Sono Don Chisciotte e sono Charlot. Sono la poesia della volontà. E come dimenticare l'altro mio compagno, forse il più sega di tutti, che nel salvare in calcio d'angolo il più innocuo dei palloni (sarebbe bastato un tocchetto, ma le chiappe peccano sempre per troppa passione) sparò una cannonata che rimbalzò sul palo e dal palo gli ritornò in piena faccia. Lo vedemmo volare via e rimbalzare di culo sul terreno. Ma quanti altri esempi potrei portare? Sono ingovernabili. Se li fai giocare avanti, stanno sempre sulle traiettorie dei tiri dei compagni, se li metti dietro magari lisciano e liberano un avversario da solo davanti al portiere oppure, peggio, presi dalla foga, sparano nella loro porta il più imprendibile degli autogol. E così di solito li si lascia liberi di giocare dove vogliono, senza una posizione precisa, esattamente come si fa con i geni.
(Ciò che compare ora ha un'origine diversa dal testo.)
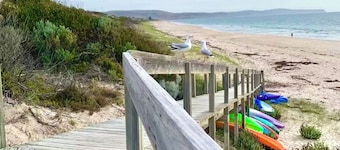 Sleeps 10, walk to beach, three living areas. Perfect for extended families.
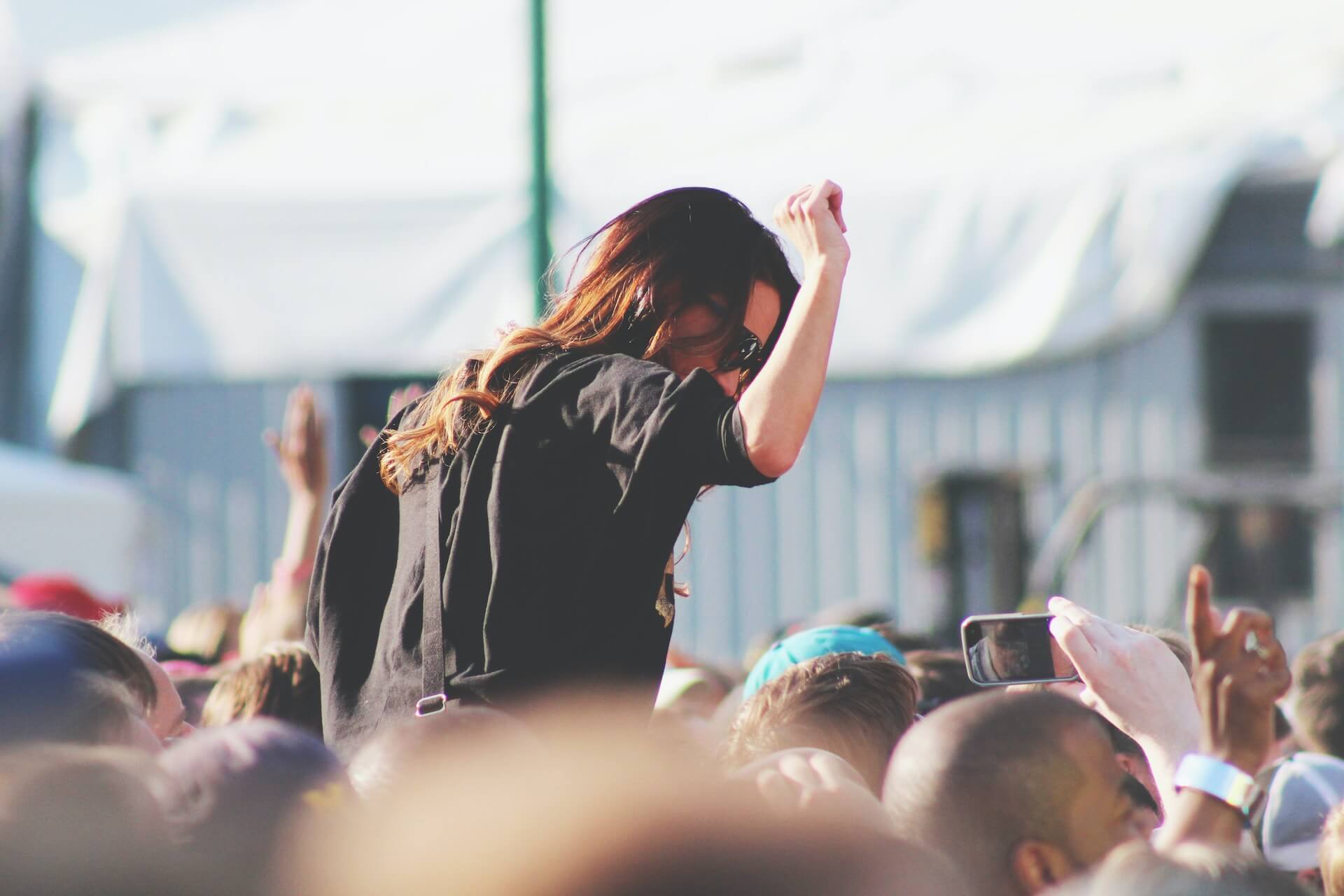 Woman in the crowd at concert. Photo credit Joey Thompson, Unsplash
Eppure, non c'è schiappa o sega che dir si voglia che non sia stata almeno una volta in vita sua protagonista di una prodezza: un tiro preciso proprio sotto l'incrocio (e nella porta giusta, stavolta), una finta che lascia secco l'avversario, una bombarda sparata dal limite che passa in mezzo a decine di gambe e si infila nell'unico angolino disponibile. Non esiste nessuno che può dire di non avere mai vinto almeno una partita grazie al goal di una pippa. Accade all'improvviso, e sono le vittorie più belle. Provocano gioie incredule. E' in quei momenti, dopo una prodezza, che si riconosce la schiappa vera: se insiste nel sostenere di avere calcolato tutto, allora no, non è una pippa, è semplicemente un mediocre. Ma se ride con gli altri, se con gli altri condivide la meraviglia e la sorpresa, allora si, è senza dubbio una sega. Perché questa categoria di calciatori sa, come i fuoriclasse autentici, di avere voluto certamente quel colpo di genio, di averlo inseguito da sempre. Ma sa anche nel momento in cui è arrivato, il merito non è stato suo, ma di qualcos'altro più forte e incontrollabile, che agisce insieme da dentro e da fuori di noi, un miracolo ogni volta irripetibile. Le schiappe, come i fuoriclasse, lo sanno questo, e infatti si capiscono."

S. Onofri, Il pomeriggio dell'atleta stanco, Theoria 1995

GRAZIE DI CUORE A LUCA, IN BOCCA AL LUPO!